Если он оставлял Собаку дома, Марта говорила себе: «Любовное приключение уже носится в воздухе», — но еще острее она чувствовала, что он именно ухаживает за ней, когда на шее Человека-с-тысячей-шарфов, входящего в кафе, не оказывалось ни кашне, ни шейного платка, когда шея его оставалась голой, будто обнаженность этого небольшого участка кожи, напоминающая признание в том, что вот, мол, в каком я уже возрасте, обладала способностью открывать заодно и сердце, давая волю излияниям чувств.

Человек-с-тысячей-шарфов говорил тогда такие слова, каких Марта сроду не слышала, в основном — комплименты, но изложенные столь необычайным образом, что, стоило ему произнести нечто подобное, волнение ее сразу же доходило до предела. Да-да, она ужасно волновалась, и волнение это было не совсем понятно ей самой, наверное, потому, что она не могла определить, откуда оно исходит.

Иногда ей чудилось, будто — из головы, а иногда она ощущала его, это волнение, в животе, в той самой выемке, в том враз опустевшем месте, куда ударила пуля, где страх впервые коснулся ее запомнившимся навсегда таким нежным уколом.

А потом это волнение — нет, не растекалось по всему телу, оно словно бы заражало душу, покалывая в самом тайном ее уголке своим восхитительно тонким острием, не поселяясь там, а пролетая сквозь нее и сея при этом сладостные зерна наслаждения.

И еще были подарки. Когда Марта заглядывала в пакетик, сердце неожиданно пробуждалось и отвечало ей торжествующей песнью. Оно начинало отчаянно биться. А шуршание бумаги перекрывало все шумы «Трех пушек». Можно было подумать даже, будто все в кафе замирали, слушая это шуршание.

Под нежным и веселым взглядом Человека-с-тысячей-шарфов она разворачивала подарок с таким ощущением, словно расстегивает платье, и щеки ее пылали.

В таких случаях Валантен никогда не отходил далеко.
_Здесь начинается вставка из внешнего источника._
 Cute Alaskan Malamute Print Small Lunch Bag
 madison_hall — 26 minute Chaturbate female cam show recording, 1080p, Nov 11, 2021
Он приближался, вроде бы для того, чтобы предложить им по второй рюмке портвейна, а на самом деле — чтобы восхититься сюрпризом.

Среди самых необычных подарков она часто обнаруживала рисунки, на которых была изображена — главным образом сангиной — женщина в шляпе, поразительно похожая на ее дочь.

Она так и говорила:

— До чего же красиво. Можно подумать, это моя Селина.